Dave's 1,200 gallon double reef drop off

Read this thread. It's a doozy at over 300 pages long but they guy goes into crazy detail on his build and is still active and answers questions


----------



## AmityFish (Mar 7, 2017)

theatermusic87 said:


> Dave's 1,200 gallon double reef drop off
> 
> 
> 
> Read this thread. It's a doozy at over 300 pages long but they guy goes into crazy detail on his build and is still active and answers questions




I'm only 5 pages in and my head is exploding! Thanks for the link. 


Sent from my iPad using Tapatalk


----------



## Beer (Feb 1, 2012)

The Meta Frame tanks were big way back. Slate bottom, polished metal frame tanks. Assembly is quite easy, once the frame is built. You don't need to be as precice or clean with the seams and setting the panels in place is easier.

Although the original tanks used a tar like substance to hold the tanks together.


I have a feeling the rest of the day is gone with that link.


----------



## AmityFish (Mar 7, 2017)

Beer said:


> The Meta Frame tanks were big way back. Slate bottom, polished metal frame tanks. Assembly is quite easy, once the frame is built. You don't need to be as precice or clean with the seams and setting the panels in place is easier.
> 
> Although the original tanks used a tar like substance to hold the tanks together.
> 
> ...


I've seen those and I love the look of them! Not so much the tar, haha. 

Sent from my ZTE A2017U using Tapatalk


----------



## jeffkrol (Jun 5, 2013)

> metal frame idea


Pretty soon you will suggest a slate bottom...
What comes around....









don't know what the black tar like stuff is that they used to seal these things with though..

https://www.monsterfishkeepers.com/forums/threads/100g-metaframe.441645/

suppose frame-less tanks took off as saltwater got bigger...not too many cheap metals like saltwater..


----------



## Beer (Feb 1, 2012)

There were a bunch that just went at a few local auctions. I was hoping to get my hands on a 2.5 or 5 gallon, but the prices went up higher than I wanted.

I guess the sealant was asphaltium, what ever that is.

I haven't seen the ones woth the spot-welded frames. The ones I have seen were fully welded, smoothed out, and polished. A much cleaner look. That one must have been after the Metaframe company sold off that portion of the business to Mattel (they had patents on the design).


----------



## jeffkrol (Jun 5, 2013)

Beer said:


> There were a bunch that just went at a few local auctions. I was hoping to get my hands on a 2.5 or 5 gallon, but the prices went up higher than I wanted.
> 
> I guess the sealant was asphaltium, what ever that is.
> 
> I haven't seen the ones woth the spot-welded frames. The ones I have seen were fully welded, smoothed out, and polished. A much cleaner look. That one must have been after the Metaframe company sold off that portion of the business to Mattel (they had patents on the design).

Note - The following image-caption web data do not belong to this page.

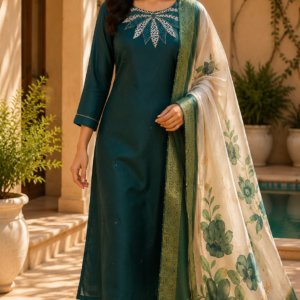 Bottle Green Pure Banarsi Duppata Suit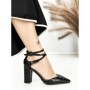 Pantofi cu Toc Gros 7063 BLACK | BEUE SHOES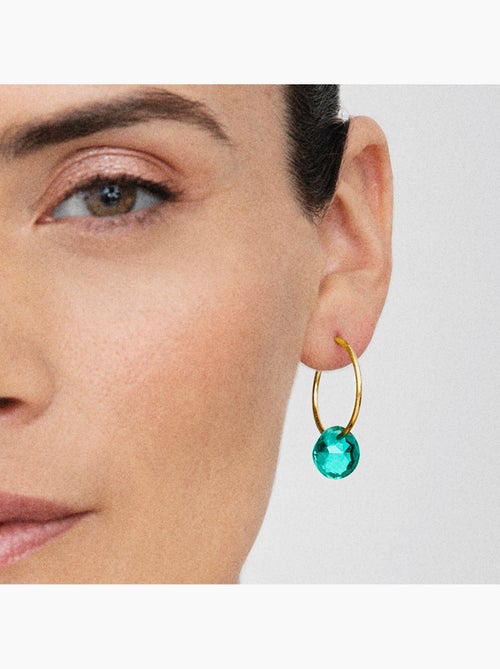 Boucles d'oreilles en argent 925 Luxenter avec quartz hydrothermal vert et plaqué or 18k-Vanshy - Kiabi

Don't remember any full weld ones (60's)
http://imgur.com/gallery/RqWkz









http://www.rickwrench.com/index79master.htm?http://www.rickwrench.com/stainlessaquariums.html
https://www.petage.com/a-look-back-at-the-willinger-bros/
http://reefkeeping.com/issues/2004-09/rv/feature/index.php


----------



## reddhawkk (Dec 28, 2011)

I have a number of the old metal frame, slate bottom tanks; they are some of my favorites. Some have been resealed with silicone while others are still doing fine with the original sealant. Some will likely need resealing soon though  The biggest I have seen is 29 gallon, I would imagine a 75 with slate bottom would be rather heavy. I know about ten years ago lots of people were looking for them around here for breeding tanks, they said their fish did better with the slate bottoms.


----------